BMS swoops on Forbius, snaring another immuno-oncology player


With the ink barely dry on a deal to develop Dragonfly’s lead cancer immunotherapy, Bristol-Myers Squibb’s business development team has agreed to buy Canadian biotech Forbius and its pipeline of drugs for cancer and fibrotic diseases.

Since its foundation in 2011, privately-held Forbius has been working on drugs that inhibit TGF beta 1 and 3, two targets thought to play a role in protecting cancers from attack by the immune system and the development of fibrosis (scarring).

The financial basis of the deal remains under wraps, but BMS said it includes an upfront fee and future milestone payments tied to the TGF programmes.

Forbius has also been working on some other targets, including an EGFR-targeting antibody-drug conjugate (ADC), but these will be spun into another company that will remain in the hands of its current shareholders.

Forbius’ most advanced drug candidate is AVID200, a TGF-beta 1 and 3 inhibitor that already has clinical data in hand in studies involving patients with systemic sclerosis, an autoimmune disorder, and advanced solid tumours.

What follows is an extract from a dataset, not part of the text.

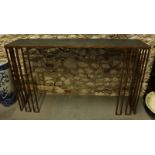 A gilt metal custom-made console table with black marble top, 57" wide x 12" deep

Just last week, BMS paid $475 million upfront to license Dragonfly Therapeutics’ DF6002, a long-lasting fusion protein that looks like the “tail” (Fc) end of an IL-12 antibody. The rationale behind the drug is that it causes the area around a tumour to become inflammatory, stimulating an immune response against the cancer.

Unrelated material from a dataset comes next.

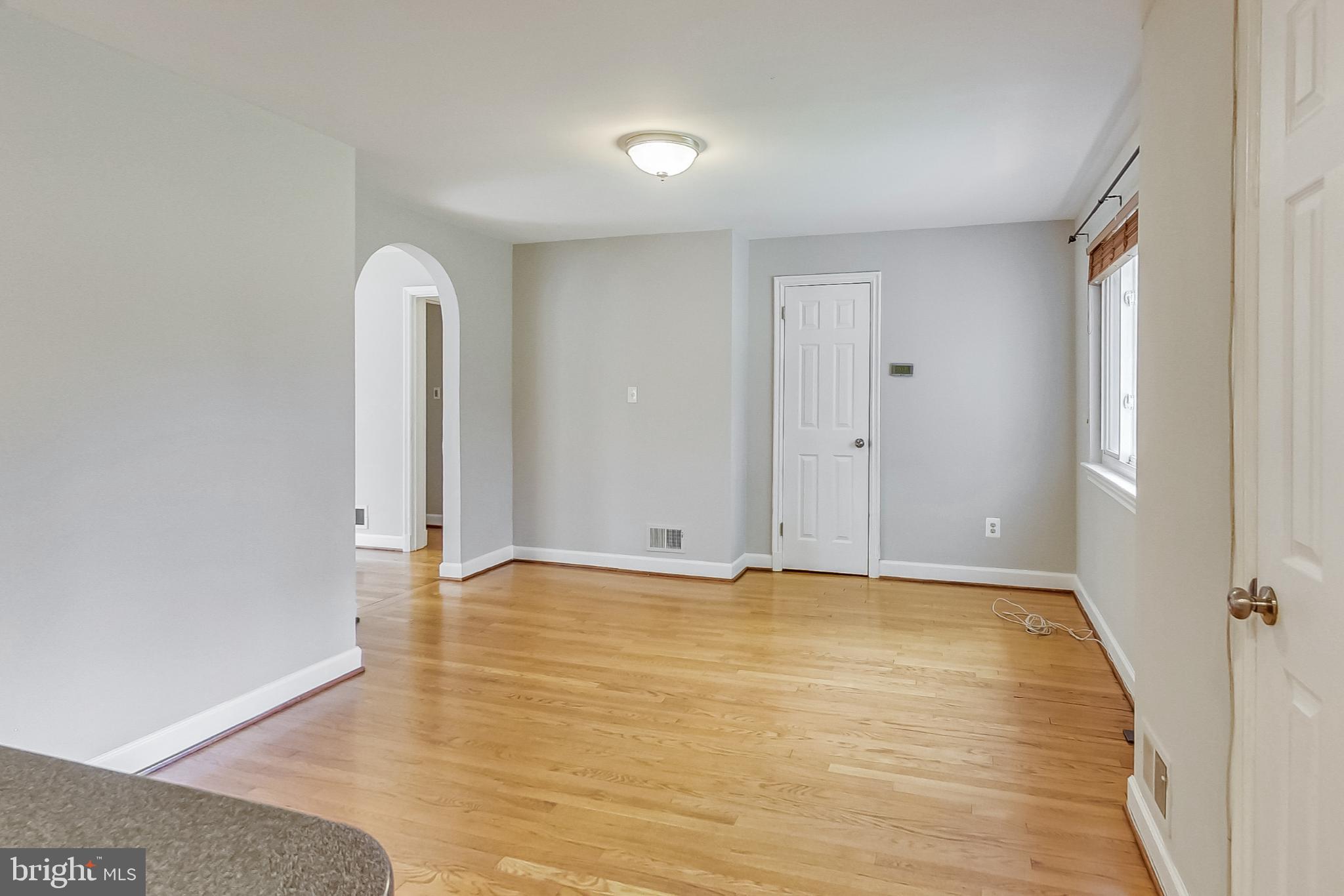 8617 Lynbrook Drive Bethesda, MD 20814 - Photo 18 of 48 a view of an empty room with glass door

Forbius’ drugs are closer to BMS’ core checkpoint inhibitor approach to cancer immunotherapy with PD-1 inhibitor Opdivo (nivolumab) and CTLA4-targeting Yervoy (ipilimumab), which work by taking the brakes off immune responses to malignant cells.

TGF beta is a cytokine that is produced in large amounts in the vicinity of tumours and is thought to suppress T cell-mediated immunity, by inhibiting the proliferation of T cells and preventing them from being activated to attack the cancer.

It’s also viewed as a “master regulator” of fibrosis, which means AVID200 and related drugs could complement BMS’ in-house activities in this area, which include drug candidates like pegbelfermin for non-alcoholic steatohepatitis (NASH), HSP47 for hepatic fibrosis and a JNK inhibitor for NASH and idiopathic pulmonary fibrosis (IPF).

BMS seems to be interested mainly in AVID200’s potential in cancer, however, at least initially. Its head of research and early development, Rupert Vessey, said Forbius’ drug may enhance the activity of drugs like Opdivo and allow the company to “serve more patients with cancer, including those who may not respond to immunotherapy.”

BMS is still only a few months into its $74 billion mega-merger with Celgene, which closed last November, but the latest moves shows that it is still interested in bolt-on deals to flesh out its cancer pipeline even further.